Shadow and Bone Review


Sarah Phelps, Reporter

The views expressed in this article belong to the reporter, and do not reflect the views held by Rockbridge County High School, the Prowler Staff, and its members.

Based on the Shadow and Bone trilogy and the Six of Crows duology written by Leigh Bardugo, the Netflix original show, Shadow and Bone, takes place in a fantasy, worn-torn world. According to Google, the movie has an audience rating summary of 4.7 stars, 87% rotten tomatoes in critic ratings, and 90% rotten tomatoes in the audience score. Which I believe the show deserved the good ratings.

The Shadow Fold, a place explained to be utter darkness, is located in the middle of Ravka which was forced to be separated into East and West Ravka.
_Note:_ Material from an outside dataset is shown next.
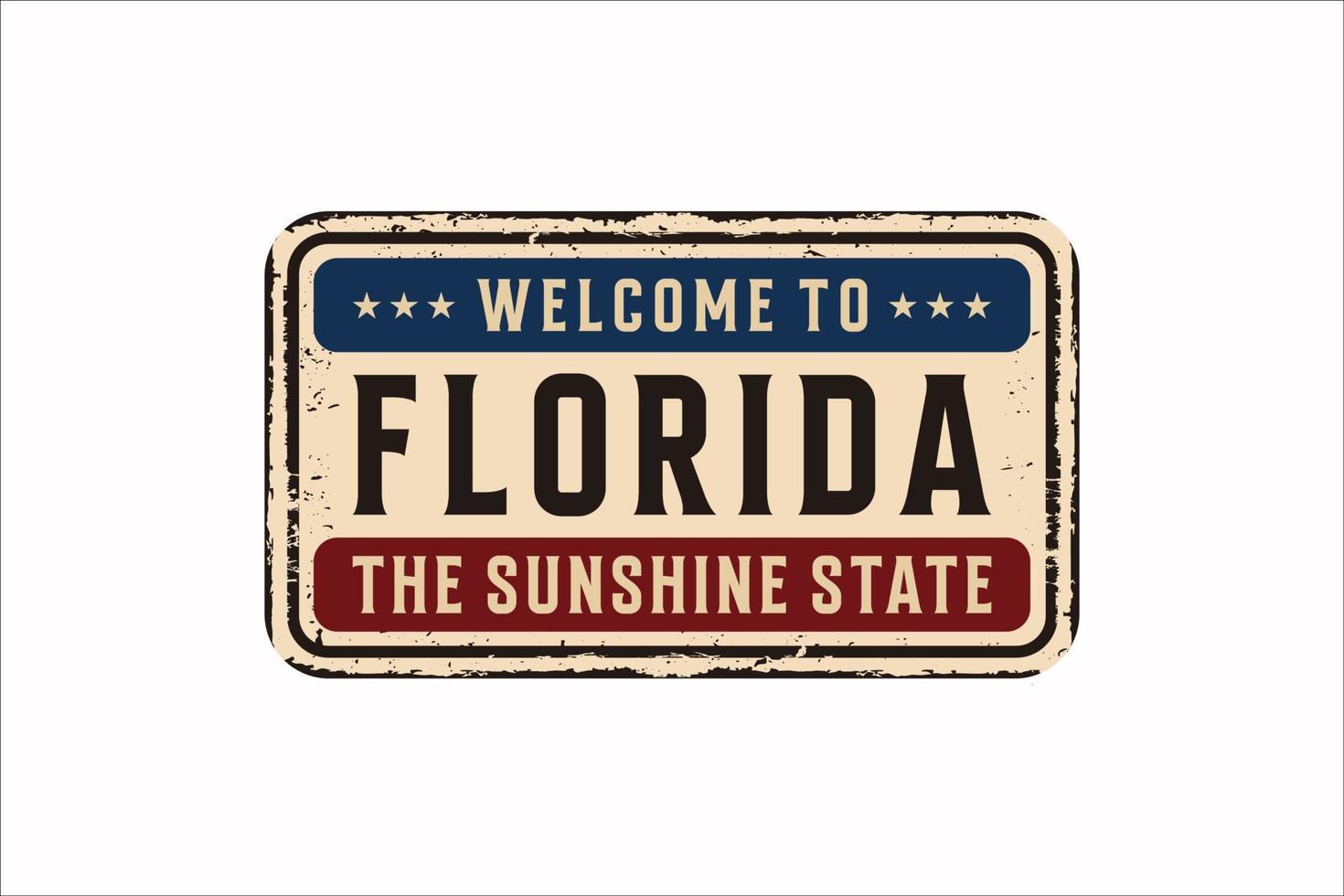 Welcome to Florida vintage rusty metal sign on a white background, vector illustration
Bardugo explained that “in fantasy, darkness usually operates as a metaphor. I wanted to make it a literal, physical thing. That idea became the Shadow Fold.”
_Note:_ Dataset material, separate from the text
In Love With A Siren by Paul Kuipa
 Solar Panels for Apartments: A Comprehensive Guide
Ravka’s enemies, the Fjerdians and the Shu Han, want the Fold to stay permanently because it assures that one part of Ravka has no way to get guns. Being stuck in an era before guns, the Grisha, small science users (as opposed to magic users) have to rely on their powers. This leads up to some considerably interesting fight scenes between the Grisha and their human enemies.
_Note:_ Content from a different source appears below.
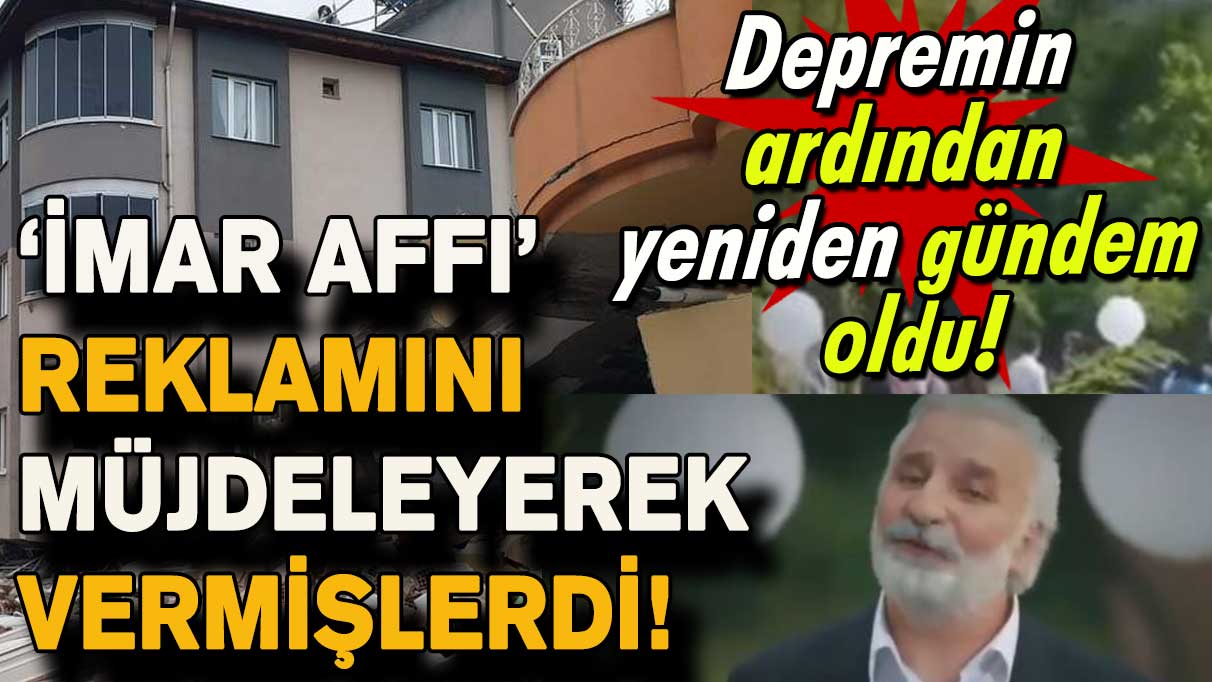 ‘İmar affı’ reklamını müjdeleyerek vermişlerdi! Depremin ardından yeniden gündem oldu!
To my amazement, the show successfully weaves five different books into one Netflix series and connects different sets of characters into one beautifully written script. At first, I was worried the show would stray far from the books but most everything in the show is included in one of the books. 

One part of the show I was excited for was the Crows. The Crows are a group made up of Kaz Brekker, a criminal prodigy, and his crew. The crew is, nonetheless, a group of chaotic seventeen year olds. Kaz Brekker and his crew are constantly pulling off heists— that is, if it earns Kaz Brekker enough money to change his and his crews’ lives.

Bardugo explained in the back of  Six of Crows what her readers could take from the book or from the characters. Bardugo said she hopes “that they find someone in the crew to identify with, that they see themselves in these messy characters who make mistakes but keep fighting.”

In the Six of Crows duology, the story is not told from one persons’ point of view like Shadow and Bone; rather it is told from a third person point of view and from different perspectives. Since the Crows’ story originally takes place two years after the Shadow and Bone ending, Netflix ultimately had to change their storyline to fit Alina’s. Though that is the case, the producers did not fail us, and I enjoyed watching any scene that included the Crows.

Though the show looks remarkable and follows the books closely, I was upset they called one of the characters by his real name, Aleksander Kirigan, rather than the Darkling. In the Shadow and Bone trilogy, you do not know his name until the last pages of the last book. Kirigan’s name was something he told only Alina as he had no one left besides her. He told her his true name in hopes of having someone who once loved him remember him as something more human rather than monster. 

I was also disappointed by a certain missed scene from the book though I can not exactly blame Netflix as it is more limited when it comes to film rather than when it is in writing. The scene that I felt was lacking was when it is being proven that Alina Starkov is the Sun Summoner, the one person who has the power to summon sunlight. The Sun Summoner is the person destined to save Ravka from the Fold. In that moment, the Darkling (General Kirigan) creates a dark atmosphere, one that I would compare to the feeling of the Fold (amazing foreshadowing), and makes Alina use her power to “shatter” the darkness. 

Overall, I would recommend Shadow and Bone to anyone who has a love for fantasy or simply, a love for astonishingly made shows. Though it is an amazing series, I would recommend people read the books before watching since some parts could be confusing without the context.